EVERETT — The City Council will re-approach discussing whether to allow 10 marijuana retail shops within city limits.
But first it wants data.
The council last week received a partial picture on crime logs, but its members want information on gross sales, individual store violations and whether allowing more stores would cause sales cannibalization for Everett’s five existing stores.
Councilwoman Liz Vogeli requested opening up the city to 10 shops, laying a motion on the table at last week’s meeting wanting to put it to a vote. Vogeli was modest about this, noting this was the first time she’d ever asked council to put something to a vote since being elected in November.
Her fellow council members diverted the request to the council’s public safety subcommittee to give the 10-store idea further analysis. Council members Vogeli, Brenda Stonecipher and Judy Tuohy make up the subcommittee.
The council wasn’t specifically poised to discuss adding more stores until Vogeli’s motion, which didn’t advance to a vote.
The conversation on allowing more stores, though, has brewed since 2016, when the City Council set an arbitrary five-shop limit. The council re-affirmed the five-shop limit in a June 2018 split vote, going against a recommendation from the planning commission to allow 10.

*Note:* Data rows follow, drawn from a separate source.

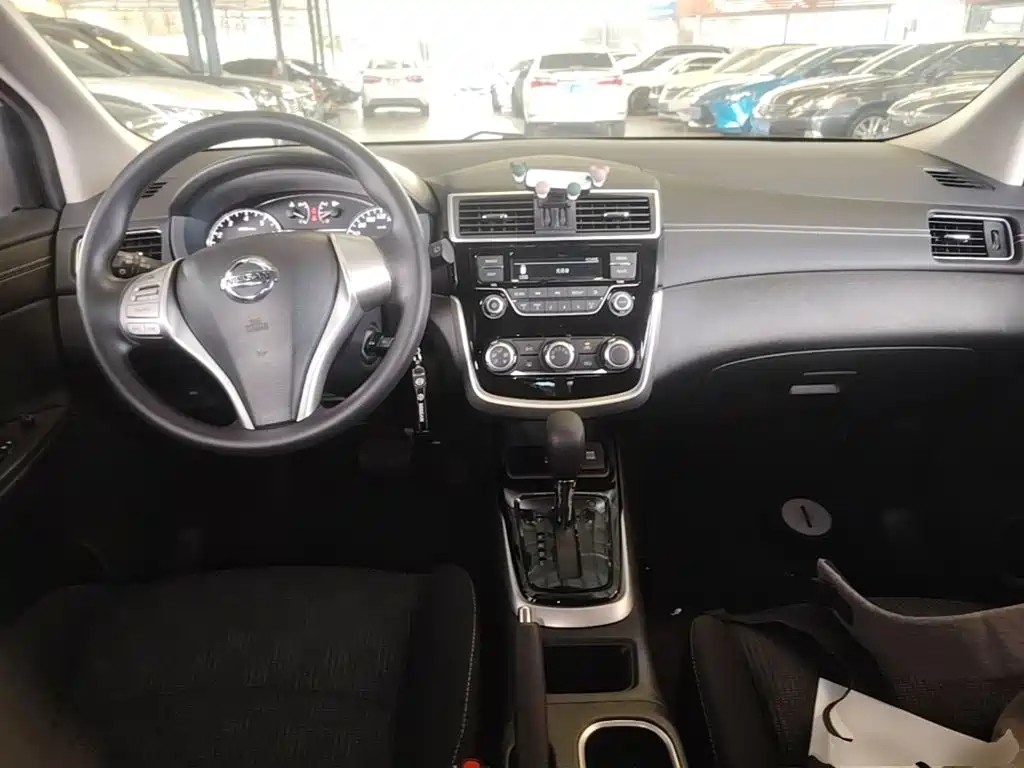 Nissan Tiida 2018 — фото 10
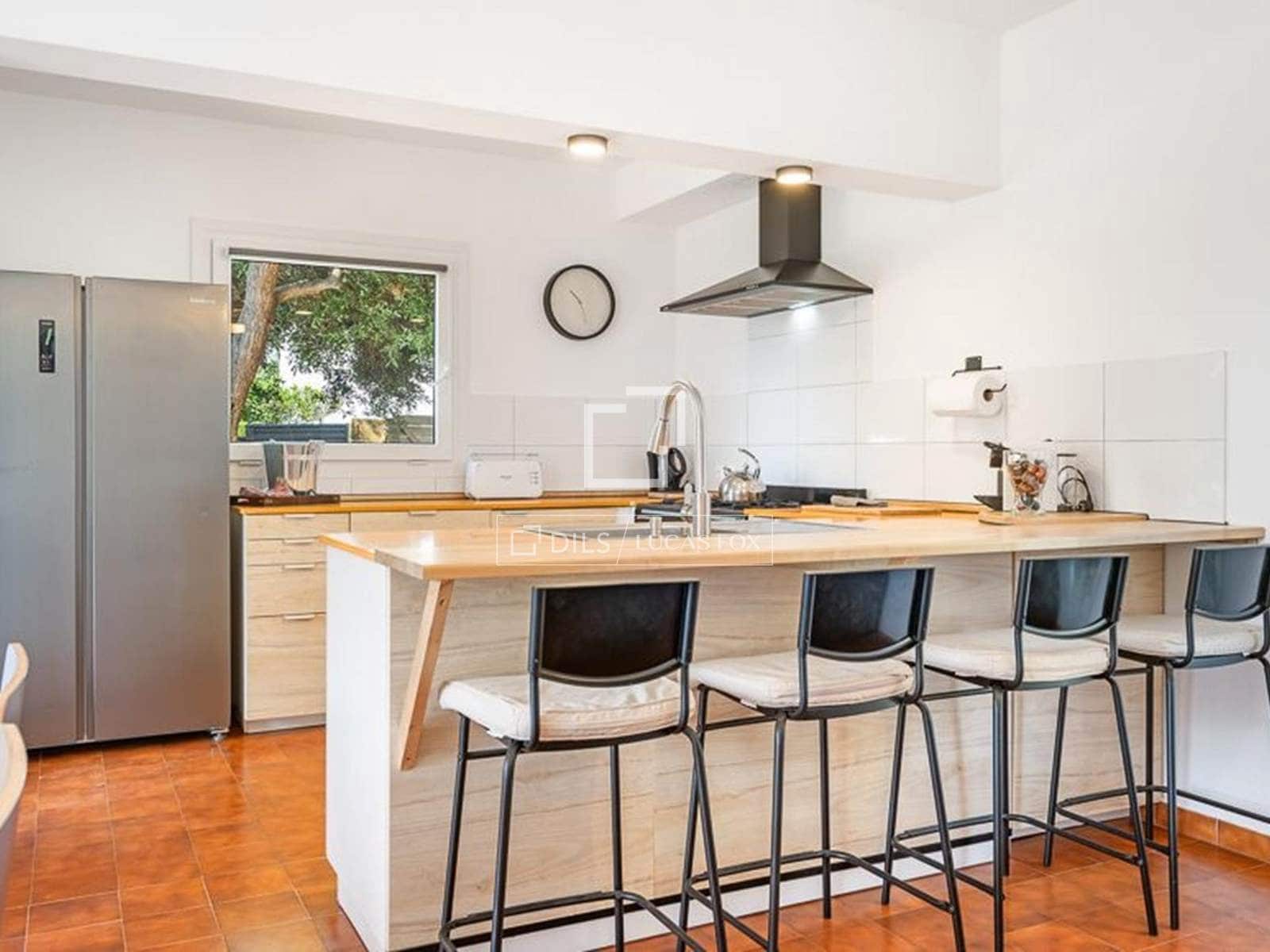 4 quarto Moradia para venda em Es Mercadal com piscina garagem - 935 000 € (Ref: 9914976)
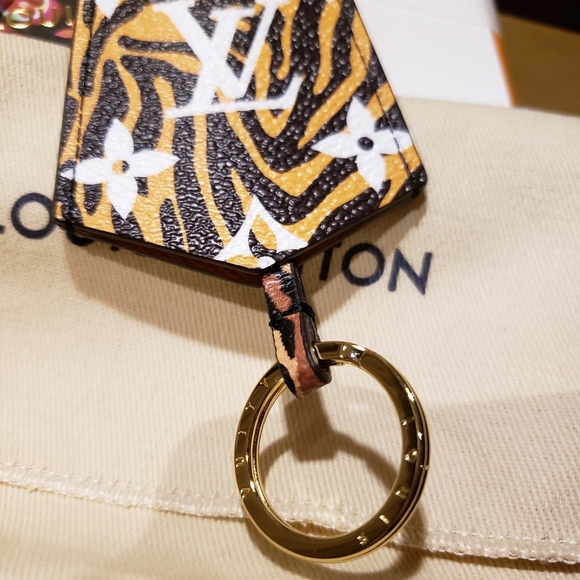 Louis Vuitton Key Charm Holder String 19.5 Jungle Giant Black Caramel Clochette - Picture 5 of 16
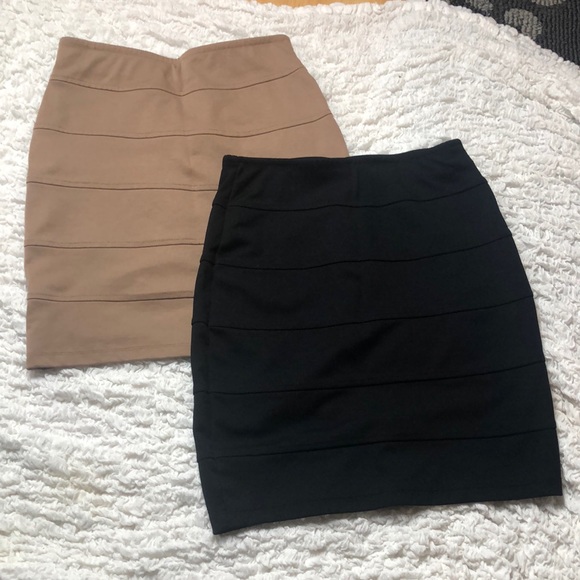 Dresses & Skirts - 🌸4 for $20🌸Bundle of 2 Skirts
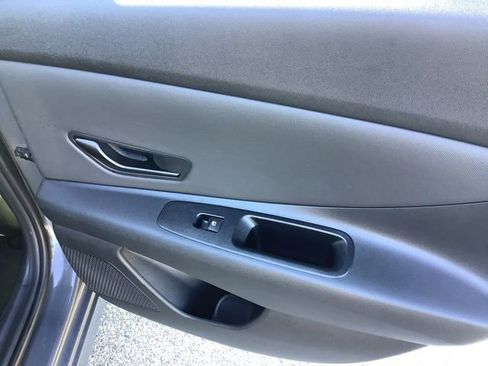 Certified 2025 Hyundai Elantra SEL image 20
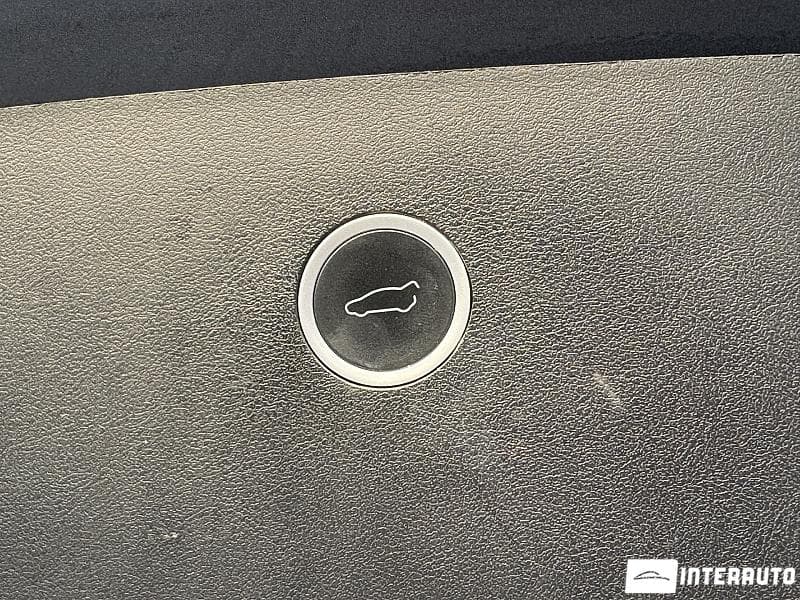 Tesla Model X 2018 — Миниатюра 21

The state Liquor and Cannabis Board determined Everett can have 10 store licensees at the time it doubled store counts statewide. The store counts were doubled to take up the slack when state law formally shut down medical
marijuana dispensaries.
In discussing more shops for Everett, a key item a few council members said they want to ensure is medical marijuana access is readily available in-town.
Among Everett’s five shops, two carry a medical marijuana endorsement, according to the state Department of Health. The endorsement indicates a shop usually has a certified medical marijuana specialist on staff.
Crime calls among three of Everett’s five shops is fractional, with a few logging less than one police call per month — comparable to a bar. The crime rate for Everett’s newest licensee, Kushman’s, which opened on Evergreen Way in mid-June, wasn’t discussed.
The calls are largely over property theft, Police Chief Dan Templeman said.
The outlier is KushMart, which had an average of almost five police calls a month to its location near Pecks Drive and Evergreen Way.
KushMart also does a much larger amount of business than its in-city competitors and is among the busiest stores countywide, according to 502data.com. The store on Evergreen Way sold almost $650,000 worth of product in the month of May compared to its closest in-city competitor, Buds Garage in downtown, which logged $229,400 worth of retail sales in May.
Two other stores, High Society, on Broadway, and Purple Haze, on Rucker Avenue, didn’t crack $200,000 in May sales, according to the data website.
A fifth store, Mari J’s Highway Pot Shop, shuttered in April because its license was canceled in the wake of the store being involved in a business loan fraud scheme.
Kushman’s, a chain retailer, took up the fifth license slot available in Everett.
A smattering of six other stores within a mile outside city limits, largely along Highway 99, also generally do less business than KushMart, from 502data.com’s figures aggregated from state Liquor and Cannabis Board public records.
— Materials from Tribune archive reporting is included in this story.